Copyright © 2007 Ed Bagley

As someone who has 5,000+ high-end clients who are interested in jobs and careers, I paid attention Tuesday when
I came across a story about six-figure incomes by Laura Morsch of CareerBuilder.com.

According to Laura Morsch and the United States Bureau of Labor Statistics, “physician jobs dominate the list of the nation’s highest-paying positions, holding 9 of the top 10 most lucrative jobs.”

Morsch reminds us that there are other high-paying jobs in our economy.

“Although statistically more education means better pay,” says Morsch, “you can land a very high-paying job with just a bachelor’s degree and considerable work experience.”

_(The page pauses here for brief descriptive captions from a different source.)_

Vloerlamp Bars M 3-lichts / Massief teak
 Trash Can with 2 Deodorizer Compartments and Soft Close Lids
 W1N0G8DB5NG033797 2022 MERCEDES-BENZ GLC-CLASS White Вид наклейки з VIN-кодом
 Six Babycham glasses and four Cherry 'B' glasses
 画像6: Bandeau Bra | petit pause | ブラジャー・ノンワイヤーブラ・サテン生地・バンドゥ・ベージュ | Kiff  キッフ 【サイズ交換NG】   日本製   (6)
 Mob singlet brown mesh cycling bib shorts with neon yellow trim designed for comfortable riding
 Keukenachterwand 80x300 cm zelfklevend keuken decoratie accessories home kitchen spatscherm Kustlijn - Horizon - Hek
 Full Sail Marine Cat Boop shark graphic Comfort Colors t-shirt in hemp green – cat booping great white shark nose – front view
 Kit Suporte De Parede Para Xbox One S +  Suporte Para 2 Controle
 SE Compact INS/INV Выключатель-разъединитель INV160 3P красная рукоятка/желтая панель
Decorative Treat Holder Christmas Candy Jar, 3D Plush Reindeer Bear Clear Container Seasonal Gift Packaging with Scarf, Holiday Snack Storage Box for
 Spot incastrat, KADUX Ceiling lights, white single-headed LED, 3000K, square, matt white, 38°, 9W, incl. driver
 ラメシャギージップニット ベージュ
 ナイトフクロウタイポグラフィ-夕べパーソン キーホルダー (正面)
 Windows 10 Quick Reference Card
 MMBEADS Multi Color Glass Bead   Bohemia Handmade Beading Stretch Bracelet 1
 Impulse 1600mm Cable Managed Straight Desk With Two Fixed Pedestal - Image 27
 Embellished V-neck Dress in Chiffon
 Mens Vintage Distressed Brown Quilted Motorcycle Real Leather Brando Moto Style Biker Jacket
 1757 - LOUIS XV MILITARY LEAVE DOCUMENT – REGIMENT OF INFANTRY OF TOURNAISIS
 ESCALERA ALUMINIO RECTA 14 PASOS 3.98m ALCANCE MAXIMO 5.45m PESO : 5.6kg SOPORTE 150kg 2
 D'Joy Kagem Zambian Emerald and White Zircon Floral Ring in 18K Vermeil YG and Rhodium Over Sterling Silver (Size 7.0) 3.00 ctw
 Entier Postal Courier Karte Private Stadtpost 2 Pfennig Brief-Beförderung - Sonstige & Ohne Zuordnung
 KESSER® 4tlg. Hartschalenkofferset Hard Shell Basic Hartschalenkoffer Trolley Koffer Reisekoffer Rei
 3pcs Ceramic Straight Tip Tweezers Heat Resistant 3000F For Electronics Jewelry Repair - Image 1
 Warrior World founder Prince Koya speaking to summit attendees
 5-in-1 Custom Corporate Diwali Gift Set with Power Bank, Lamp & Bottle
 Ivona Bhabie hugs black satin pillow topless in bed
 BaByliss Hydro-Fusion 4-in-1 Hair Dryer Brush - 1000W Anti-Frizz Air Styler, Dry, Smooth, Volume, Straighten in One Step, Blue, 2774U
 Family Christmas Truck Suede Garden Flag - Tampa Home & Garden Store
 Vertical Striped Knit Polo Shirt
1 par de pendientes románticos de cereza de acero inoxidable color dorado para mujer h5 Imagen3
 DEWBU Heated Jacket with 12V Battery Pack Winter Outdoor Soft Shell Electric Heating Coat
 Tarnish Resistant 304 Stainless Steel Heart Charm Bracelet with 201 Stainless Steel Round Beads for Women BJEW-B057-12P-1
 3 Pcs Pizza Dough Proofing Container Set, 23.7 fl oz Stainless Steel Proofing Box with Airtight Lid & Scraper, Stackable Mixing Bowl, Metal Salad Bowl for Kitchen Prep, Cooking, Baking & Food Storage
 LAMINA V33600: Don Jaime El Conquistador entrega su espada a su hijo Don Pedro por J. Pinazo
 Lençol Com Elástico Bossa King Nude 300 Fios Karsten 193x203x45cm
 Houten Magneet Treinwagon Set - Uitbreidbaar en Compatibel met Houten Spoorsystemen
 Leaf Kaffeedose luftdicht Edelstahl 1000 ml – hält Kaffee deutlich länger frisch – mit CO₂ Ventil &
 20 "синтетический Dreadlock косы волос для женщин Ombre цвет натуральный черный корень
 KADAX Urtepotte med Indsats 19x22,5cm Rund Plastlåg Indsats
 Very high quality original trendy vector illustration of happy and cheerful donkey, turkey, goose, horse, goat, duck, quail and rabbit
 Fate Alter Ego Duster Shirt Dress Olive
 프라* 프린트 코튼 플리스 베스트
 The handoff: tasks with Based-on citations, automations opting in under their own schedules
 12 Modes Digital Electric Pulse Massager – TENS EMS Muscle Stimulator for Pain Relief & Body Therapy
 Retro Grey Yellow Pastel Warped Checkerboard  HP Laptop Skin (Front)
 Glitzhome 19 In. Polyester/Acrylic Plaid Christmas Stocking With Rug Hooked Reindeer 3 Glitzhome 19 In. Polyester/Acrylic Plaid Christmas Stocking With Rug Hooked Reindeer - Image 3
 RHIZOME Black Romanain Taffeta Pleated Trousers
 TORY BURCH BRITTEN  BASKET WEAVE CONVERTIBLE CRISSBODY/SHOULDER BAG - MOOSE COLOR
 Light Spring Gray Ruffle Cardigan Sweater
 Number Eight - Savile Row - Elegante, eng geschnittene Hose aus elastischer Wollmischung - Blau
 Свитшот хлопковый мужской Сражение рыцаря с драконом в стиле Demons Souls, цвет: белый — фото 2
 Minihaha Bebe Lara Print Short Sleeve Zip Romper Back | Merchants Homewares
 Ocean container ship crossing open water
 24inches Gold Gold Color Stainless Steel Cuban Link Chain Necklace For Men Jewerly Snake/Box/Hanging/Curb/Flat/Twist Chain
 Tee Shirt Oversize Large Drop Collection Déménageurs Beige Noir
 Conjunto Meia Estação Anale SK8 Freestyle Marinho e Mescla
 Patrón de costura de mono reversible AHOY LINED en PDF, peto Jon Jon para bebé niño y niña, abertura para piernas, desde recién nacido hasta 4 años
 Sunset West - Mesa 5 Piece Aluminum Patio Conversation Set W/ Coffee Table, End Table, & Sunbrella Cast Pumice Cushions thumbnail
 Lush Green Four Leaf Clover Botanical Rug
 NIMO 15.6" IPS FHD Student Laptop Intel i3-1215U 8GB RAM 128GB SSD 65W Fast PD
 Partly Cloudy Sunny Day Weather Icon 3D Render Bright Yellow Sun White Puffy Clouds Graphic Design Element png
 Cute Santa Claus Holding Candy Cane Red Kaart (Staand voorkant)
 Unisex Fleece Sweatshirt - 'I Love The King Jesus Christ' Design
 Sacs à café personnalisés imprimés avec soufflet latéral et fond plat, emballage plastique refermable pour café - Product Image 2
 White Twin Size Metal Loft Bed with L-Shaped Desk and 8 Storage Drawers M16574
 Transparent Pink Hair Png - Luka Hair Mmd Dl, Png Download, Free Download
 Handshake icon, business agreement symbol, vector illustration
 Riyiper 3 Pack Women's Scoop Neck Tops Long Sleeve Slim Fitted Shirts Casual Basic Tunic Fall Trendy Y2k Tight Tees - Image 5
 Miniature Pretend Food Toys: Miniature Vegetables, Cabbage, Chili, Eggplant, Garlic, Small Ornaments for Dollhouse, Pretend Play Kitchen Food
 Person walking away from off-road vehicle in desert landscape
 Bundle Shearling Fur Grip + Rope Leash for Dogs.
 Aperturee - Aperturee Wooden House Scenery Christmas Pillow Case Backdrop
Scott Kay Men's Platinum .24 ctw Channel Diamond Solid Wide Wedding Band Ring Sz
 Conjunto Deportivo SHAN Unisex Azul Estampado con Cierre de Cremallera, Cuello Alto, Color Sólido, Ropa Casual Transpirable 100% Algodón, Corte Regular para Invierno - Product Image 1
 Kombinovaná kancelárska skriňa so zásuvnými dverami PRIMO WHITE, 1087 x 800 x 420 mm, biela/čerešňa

She then goes on to list these 9 examples: Chief Executive at $140,000, Airline Pilot at $135,000, Dentist at $134,000, Lawyer at $111,000, Air Traffic Controller at $106,000, Engineering Manager at $105,000, Computer and Information Systems Manager at $102,000, Marketing Manager at $102,000 and Astronomer at $101,000.

I have clients making
six-figure incomes in all of Morsch’s examples, however, you need more than a bachelor’s degree to realistically become a Dentist, Lawyer or an Astronomer; therefore, they are not good examples.

I have a client making $350,000 a year with a high school diploma.
I have another client making $144,000 who is a high school graduate with two additional years of technical training. A third client is making $250,000 with a high school diploma only. All three of these examples are men.

Men can make excellent money with a high school diploma in a number of occupations.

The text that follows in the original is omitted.